During the first quarter of 2012, the last series issued by the
SPE, Series 2007-1, matured. At December 31, 2012, the SPE
continued to exist and we consolidated the entity as we
continued to be the primary beneficiary of the SPE through
our holding of seller’s interest and our role as the primary
servicer.
T
AX
C
REDIT
I
NVESTMENTS
We make certain equity investments in various tax credit
limited partnerships or limited liability companies (LLCs).
The purpose of these investments is to achieve a satisfactory
return on capital and to assist us in achieving goals associated
with the Community Reinvestment Act.
Also, we are a national syndicator of affordable housing
equity. In these syndication transactions, we create funds in
which our subsidiaries are the general partner or managing
member and sell limited partnership or non-managing member
interests to third parties. In some cases PNC may also
purchase a limited partnership or non-managing member
interest in the fund. The purpose of this business is to generate
income from the syndication of these funds, generate servicing
fees by managing the funds, and earn tax credits to reduce our
tax liability. General partner or managing member activities
include selecting, evaluating, structuring, negotiating, and
closing the fund investments in operating limited partnerships
or LLCs, as well as oversight of the ongoing operations of the
fund portfolio.
Typically, the general partner or managing member will be the
party that has the right to make decisions that will most
significantly impact the economic performance of the entity.
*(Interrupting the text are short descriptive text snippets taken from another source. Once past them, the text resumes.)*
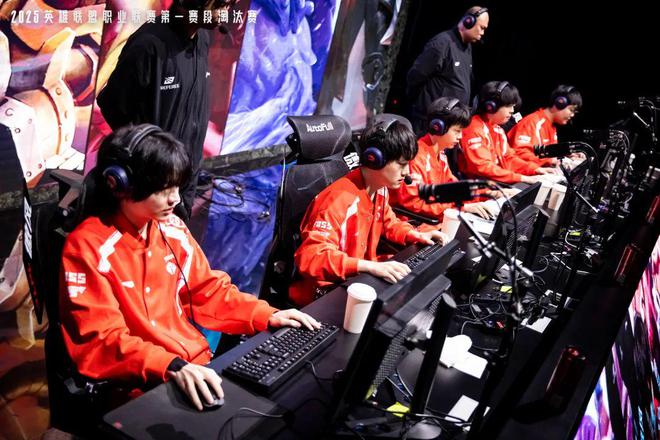 顶尖选手云集曲江电竞中心热血再燃818www威尼斯(图1)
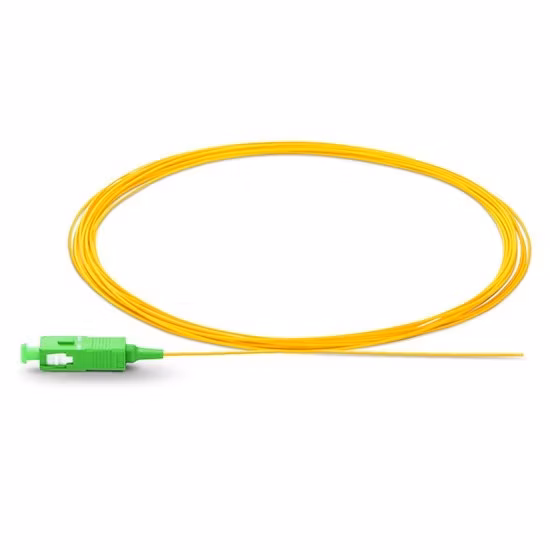 Câble de raccordement PVC/LSZH de 0,9 mm Sc/APC Pigtail à fibre optique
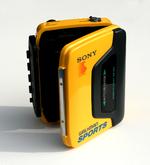 Den japanske elektronikgigant Sony var med deres walkman de første til at markedsføre lithiumionbatteriet, som onsdag høstede en Nobelpris til dets opfindere. Foto: Wikimedia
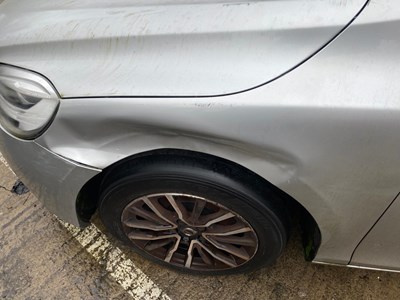 Lot 30 - 2019 (69 Plate) Volvo V40 Momentum Edition T2 Euro 6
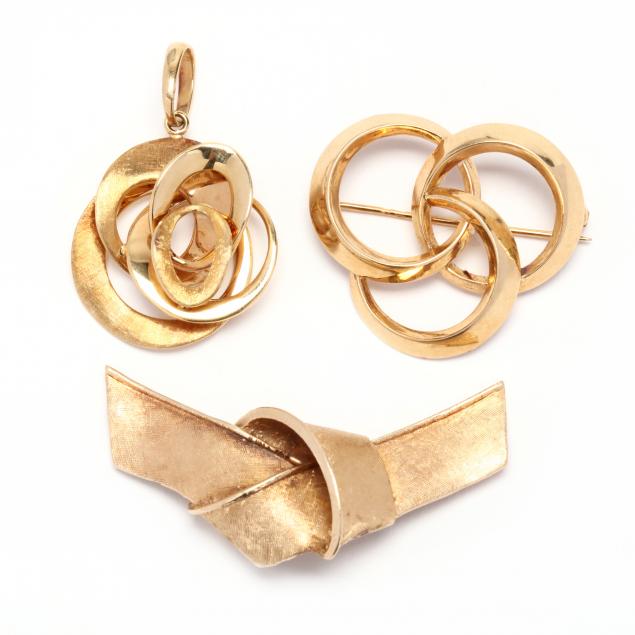 three-gold-knot-motif-jewelry-items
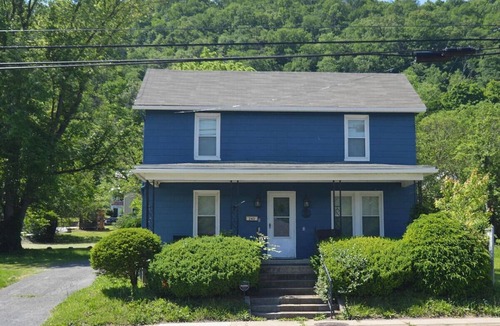 Berkeley Springs House | Refugio - wifi, fire pit, zen garden, town location, artsy vibe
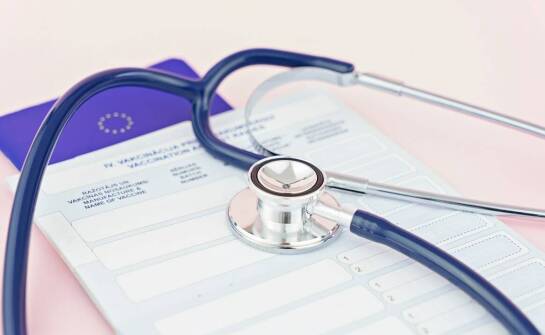 Wysokogórska medycyna: jakie szczepienia są zalecane przed wyprawą w góry?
However, certain partnership or LLC agreements provide the
limited partner or non-managing member the ability to remove
the general partner or managing member without cause. This
results in the limited partner or non-managing member being
the party that has the right to make decisions that will most
significantly impact the economic performance of the entity.
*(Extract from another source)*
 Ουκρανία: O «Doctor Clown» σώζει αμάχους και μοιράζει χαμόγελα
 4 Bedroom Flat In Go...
The primary sources of losses and benefits for these
investments are the tax credits, tax benefits due to passive
losses on the investments, and development and operating
cash flows. We have consolidated investments in which we
are the general partner or managing member and have a
limited partnership interest or non-managing member interest
that provides us the power to direct the activities that most
significantly impact the entity’s performance and have a
limited partnership interest or non-managing member interest
that could absorb losses or receive benefits that could be
potentially significant. The assets are primarily included in
Equity investments and Other assets on our Consolidated
Balance Sheet with the liabilities classified in Other borrowed
funds, Accrued expenses, and Other liabilities and the third
party investors’ interests included in the Equity section as
Noncontrolling interests. Neither creditors nor equity investors
in these investments have any recourse to our general credit.
We have not provided financial or other support to the limited
partnership or LLC that we are not contractually obligated to
provide. The consolidated aggregate assets and liabilities of
these investments are provided in the Consolidated VIEs table
and reflected in the “Other” business segment.